I started a six week yoga program this past week. The program is called 40 Days to a Personal Revolution and it was created by Baron Baptiste, founder of Baptiste Power Yoga. I had seen it advertised at my yoga studio, Soul Yoga Lounge (which I love), but I didn’t put much thought into doing it because of the price. The teacher of the program, Alexandria, contacted me the night before the first day and asked why I wasn’t doing it, saying that she felt like I was supposed to and that she would really like to help me out if I was interested. I graciously accepted her offer and showed up to the first meeting with absolutely no idea what to expect or what I was getting myself into.

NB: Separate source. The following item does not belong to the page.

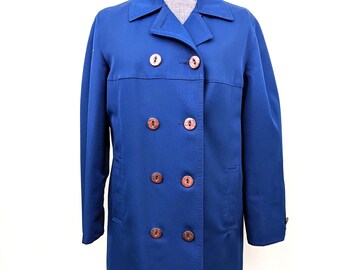 Vintage 1970s, Forecaster of Boston, All Weather Double-Breasted Coat, Royal Navy with Large Buttons. Knee Length Trench. Mock Belt. Sz 12.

Now, a week into the program, I’ve begun to form a habit of daily meditation and yoga practice. Each week is centered around a topic (this week was presence), a meditation and yoga practice, readings, journaling, and an overall consciousness of healthy living practices.
This week called for a 5 minute meditation in the morning and evening and a 20 minute yoga practice daily. I was successful this week with the exception of one missed meditation because I haven’t figured out how to meditate through tears yet (maybe I’ll learn that skill by the end of this). Next week the meditation and yoga get a little longer, and in week six, two 30 minute meditations and a 90 minute practice each day! I’m definitely intimidated by that, but I’m looking forward to the challenge.
I’m still not entirely sure why I felt led to participate in this. I have a pretty good idea. This breakup stuff is proving to be pretty hard for me still, even a few months afterward, and I think maybe this is the way I’m being led to deal with it to move on. The idea of moving on makes me deeply sad, but holding on isn’t making me happy either. I’m looking to the next five weeks to reflect on myself and my path, and hopefully to let go of the things that are no more.